Maelen continued to push them hard. Vessa wouldn’t have minded, especially at the scribe’s halting pace, except for her pounding head and sour stomach.
Eventually, long after Vessa thought advisable, it became clear even to Maelen that the woods had become too treacherous to continue safely. The three of them found a space amidst a copse of trees and large stone that Maelen pronounced “as defensible as they were likely to find in the twice-cursed darkness,” ate a dinner of trail rations and dried jerky, and unrolled their bedrolls. Maelen decided that, based on the conversation with Old Yara, they would avoid making a fire. Wind gusted across the ridge of the Greenwood where they’d stopped, chilling their small camp in the autumn night.
Alric had done well against the challenges of the day, Vessa thought, though he was nearly asleep on his feet, and snoring as soon as his head touched the bedroll.
“You sleep too, Vess,” Maelen grunted, grinning down at the scribe and shaking her head. “I’ll take first watch. I have to repair my jerkin and see to my ribs. That bloody club tagged me harder than I admitted to Old Yara.”
“You need any help?” Vessa asked, stifling a yawn.

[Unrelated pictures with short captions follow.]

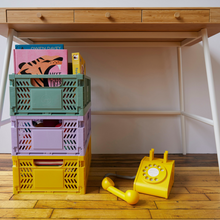 Load image into Gallery viewer, modern folding crate - yellow - 2 sizes available
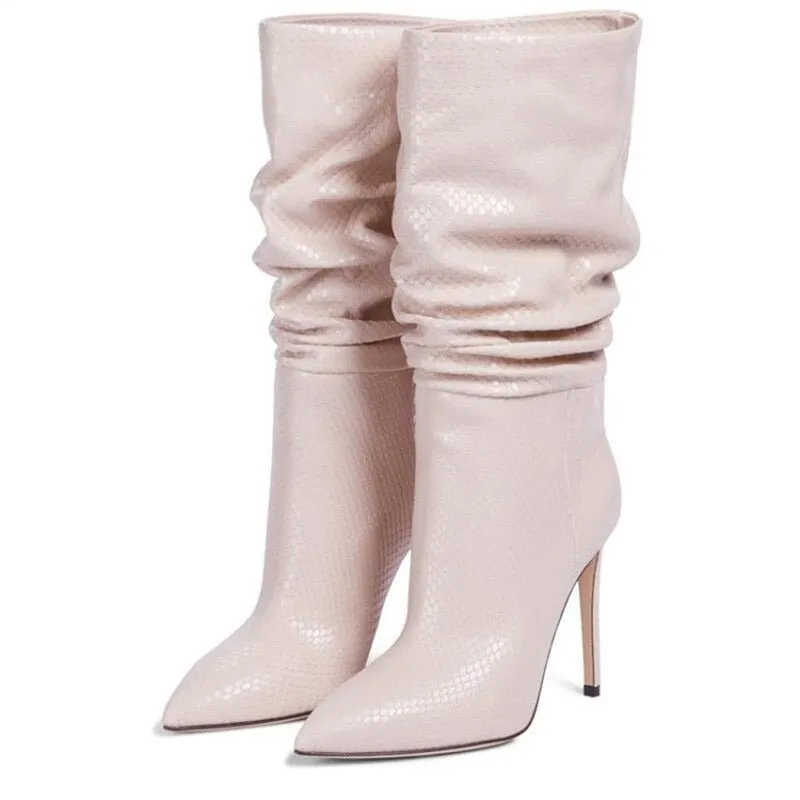 Mid Calf Boots Femme Pointed Toe High Heels Knight Boots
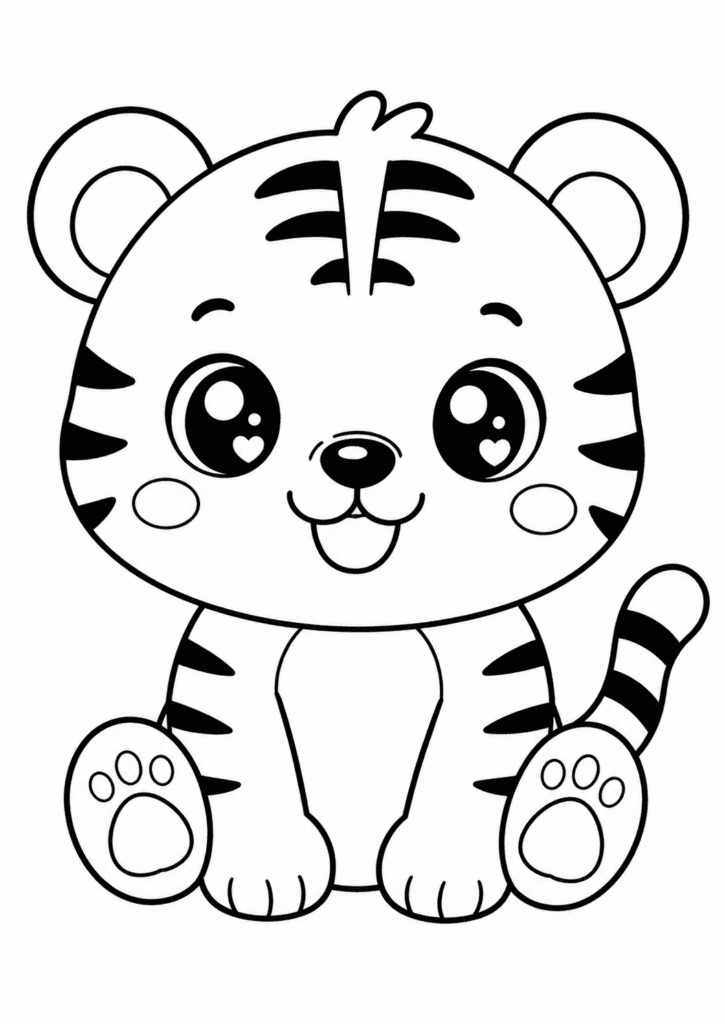 kawaii tiger coloring page for toddlers easy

“Nah,” Maelen chuckled in the darkness. Clouds off the bay had swept across the Greenwood Rise, and chill fog wound through the trees, swallowing the forest whole. Beyond their circle of breath and silence, the world seemed to vanish. “You looked at bad as the lad when we stopped. Get some rest.”
Vessa nodded, this time yawning fully and loudly. Gratefully, she stretched herself down on her bedroll, resting her head upon folded arms.
Eyelids heavy, she said, “Mae?”
“Mm?”
“We’re going to go steal that thing the old woman mentioned, right? Sarin’s buried treasure?”
“Damned right we are,” Maelen answered.
“Good,” Vessa murmured, the grin audible in her voice. She closed her eyes. The world went black.